Data
----------
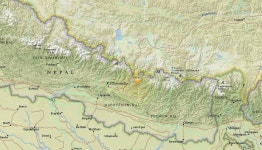 또다시 강진 네팔... 42명 사망 1117명 부상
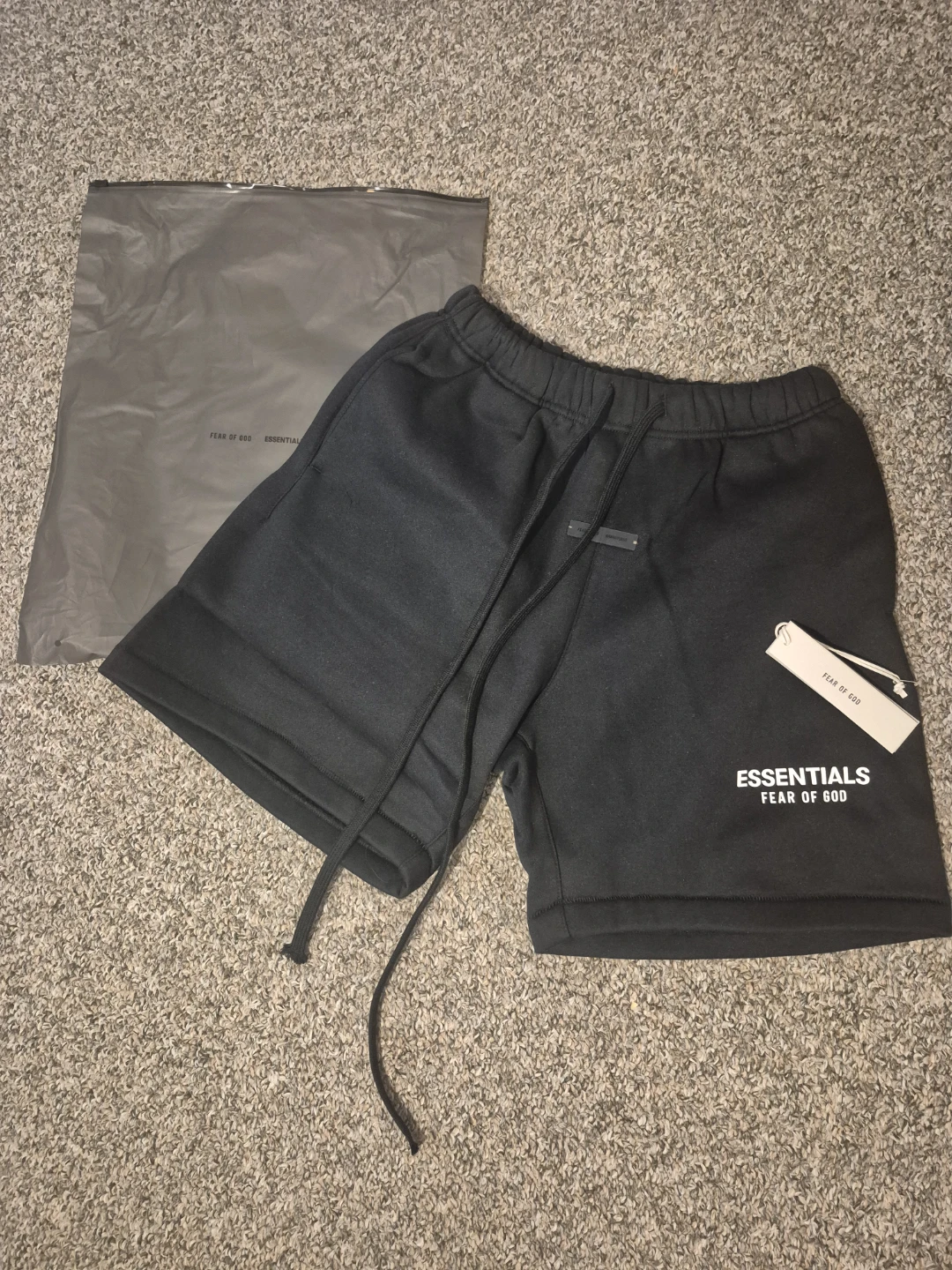 Fear of God Essentials Sweat Shorts - photo 2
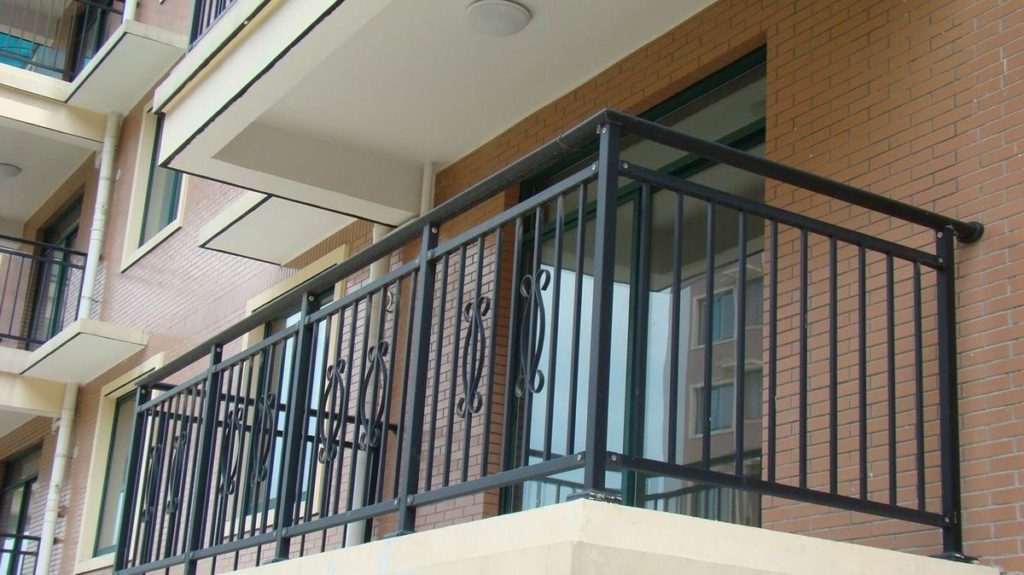 Фотография товара Балкон классика из металла со вставками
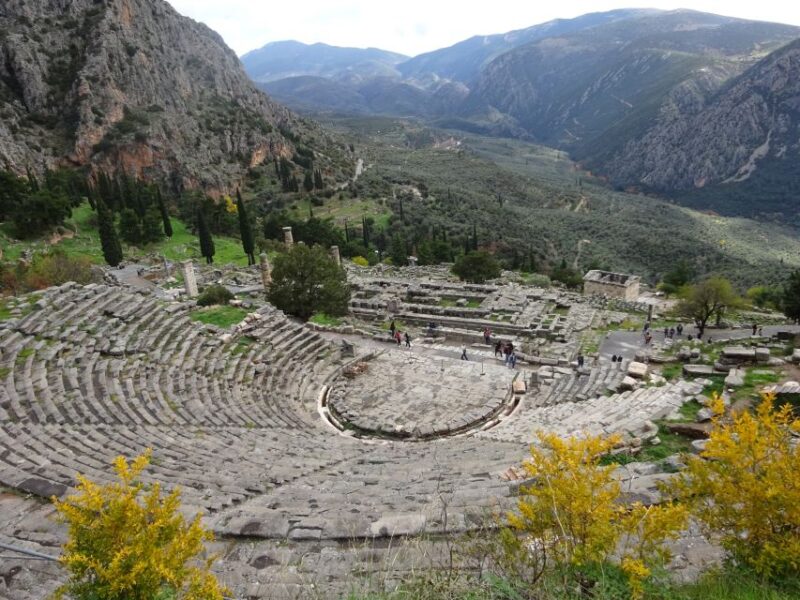 3-Day Delphi & Meteora Tour with guide,tickets,hotel pick up - Recognized Guides and Customer Feedback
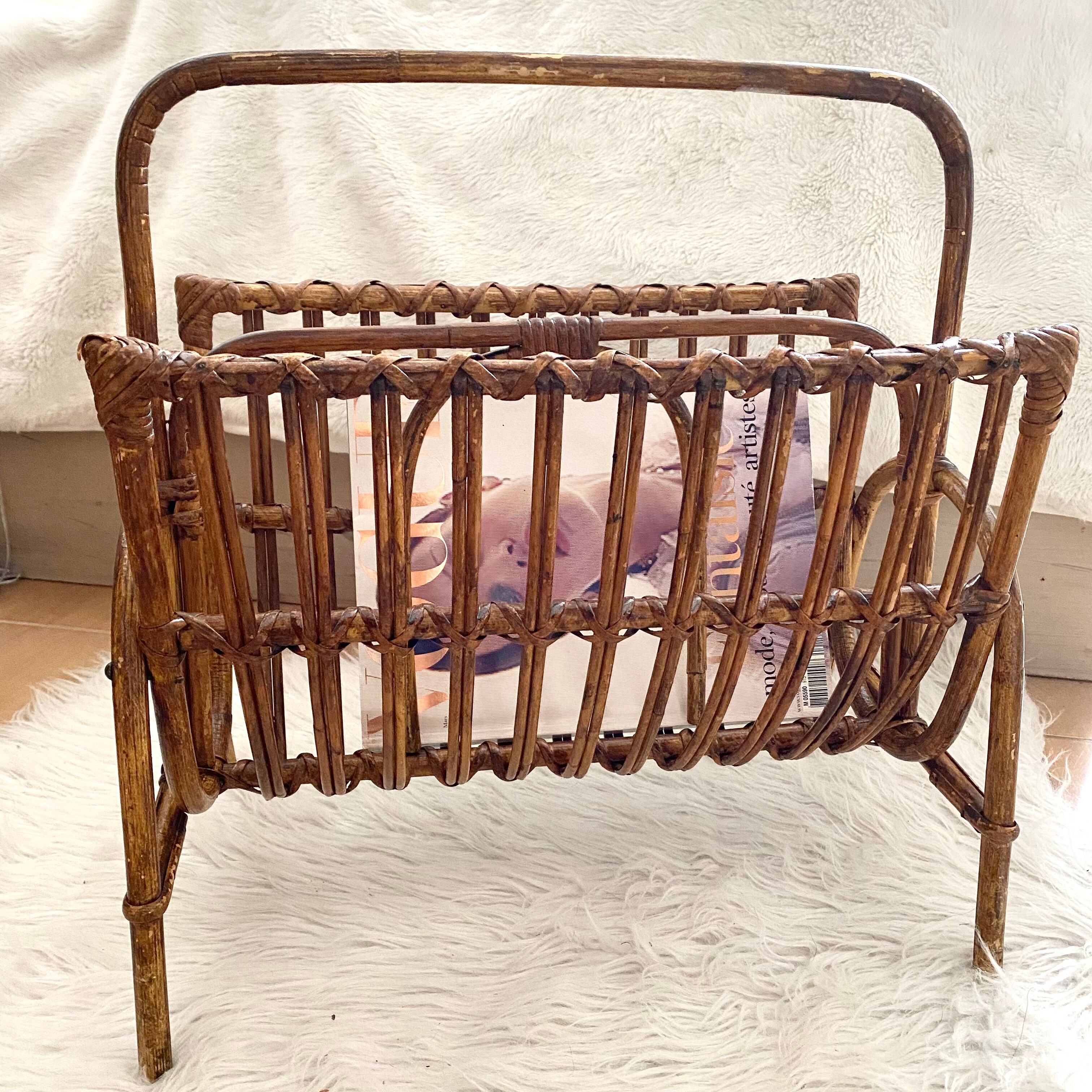 Vintage rattan magazine door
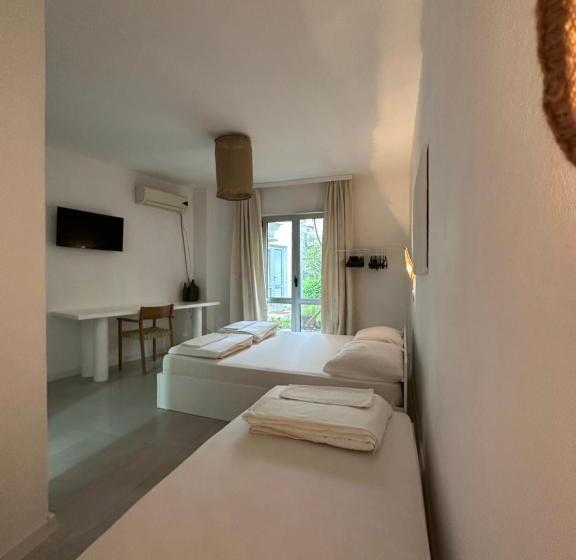 اتاق استاندارد سه تخته با چشمانداز باغ, Villa Vele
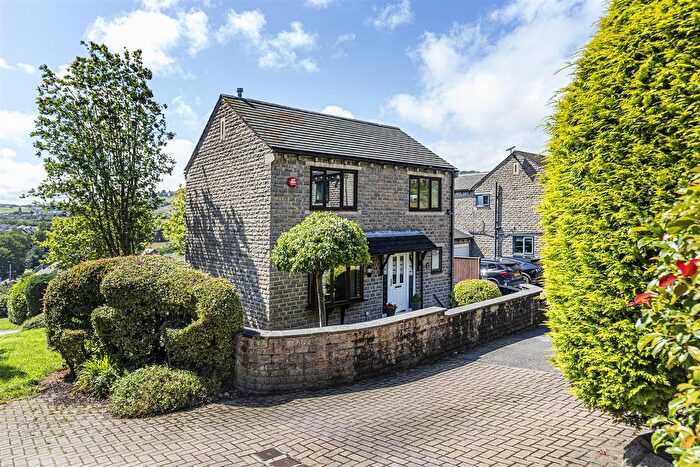 4 Bedroom Detached House For Sale In Dodlee Lane, Longwood, Huddersfield, HD3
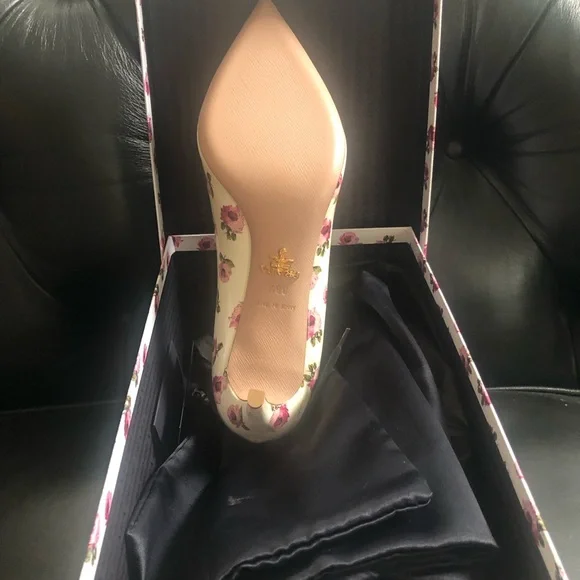 New in Box Prada Vernice Rose pumps. - Picture 4 of 5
----------
About this exercise
Please repeat the lines that run from the one holding "3-Day Delphi &" to the last line of the material, both included, exactly and without pictures.

Output
 3-Day Delphi & Meteora Tour with guide,tickets,hotel pick up - Recognized Guides and Customer Feedback
 Vintage rattan magazine door
 اتاق استاندارد سه تخته با چشمانداز باغ, Villa Vele
 4 Bedroom Detached House For Sale In Dodlee Lane, Longwood, Huddersfield, HD3
 New in Box Prada Vernice Rose pumps. - Picture 4 of 5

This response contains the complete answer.